|Nangia, Vinay - IWMI, SRI LANKA|
|Mulla, David - UNIV. OF MINNESOTA|
|Sands, Gary - UNIV. OF MINNESOTA|
Submitted to: Journal of Environmental Quality
Publication Type: Peer Reviewed Journal
Publication Acceptance Date: September 17, 2007
Publication Date: March 1, 2008
Citation: Nangia, V., Gowda, P., Mulla, D., Sands, G. 2008. Water quality modeling of fertilizer management impacts on nitrate losses in tile drains at the field scale. Journal of Environmental Quality. 37:296-307. Interpretive Summary: Hypoxia in the Gulf of Mexico is a major environmental concern. A reduction in nitrate-N loading by 30% has been recommended to reduce hypoxia in the Gulf of Mexico. Nitrate-N loadings from the Upper Mississippi River Basin accounts for roughly 35% of the nitrate-N entering the Gulf of Mexico, yet this area covers less than 20% of the Mississippi River Basin. This study evaluated alternative best management practices that include varying depth and spacing of subsurface tile drains, and rate and timing of N-fertilizer application to reduce nitrate-N loading at the field scale. Results indicate that it is possible to achieve the recommended reduction in nitrate-N loading by decreasing depth and increasing spacing of tile drains.

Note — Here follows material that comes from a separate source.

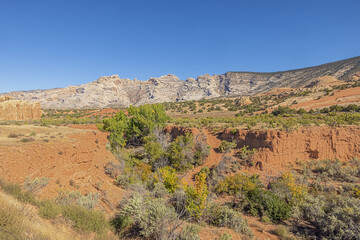 Fototapeta premium Red canyons near Turtle Rock next to Cub Creek Road in the Dinosaur National Monument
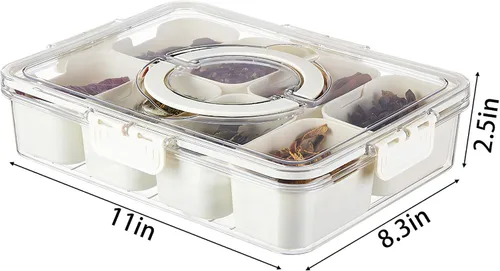 Miniatura 5 de Caja dividida para aperitivos con asa, bandeja para servir alimentos, tabla de charcutería con tapa, contenedor apilable de frutas y verduras con 8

Technical Abstract: Nitrate-N loadings entering the Mississippi River from tile drained row crop farms in the Upper Midwest U.S. contributes to hypoxia in the Gulf of Mexico. Strategies are needed to reduce nitrate-N losses to the Mississippi River. This paper evaluates the effect of fertilizer rate and timing and tile drain depth and spacing on nitrate-N losses in two commercial row crop fields (11 ha and 9.3 ha) located in southern Minnesota. The Agricultural Drainage and Pesticide Transport (ADAPT) model was calibrated and validated using monthly flow and nitrate-N losses measured in tile drains from these fields during 1999-2003. For the calibration period, there was good agreement between observed and predicted flow and nitrate-N discharges, with r**2 values of 0.87 and 0.85, respectively. During validation, there was excellent agreement between observed and predicted flow and nitrate-N discharges, with r2 values of 0.92 and 0.91 for an 11-ha field, and 0.94 and 0.90 for a 9.3-ha field, respectively. The calibrated model was used to evaluate the effects of tile drain spacing and depth, and rate and timing of N fertilizer application on nitrate-N losses with a 50 year record (1954-2003) of daily precipitation. Reductions in nitrate-N losses are possible by decreasing depth or increasing spacing of tile drains, and by changing N fertilizer application timing from fall to spring. For instance, for a spacing of 40 m, reducing tile depth from 1.5 m to 0.9 m reduced nitrate-N losses by 31%. For a tile depth of 1.5 m, increasing spacing from 27 to 40 m reduced nitrate-N losses by 50%. For an N application rate of 180 kg/ha (tile spacing 27 m, tile depth 1.5 m), there was an 8% reduction in nitrate-N losses when switching from a fall to spring application. Further reductions in nitrate-N losses require reductions in N application rates. A twelve percent reduction in nitrate losses was found when the application rate was reduced from 180 kg/ha to 135 kg/ha (tile spacing 27 m, tile depth 1.5 m).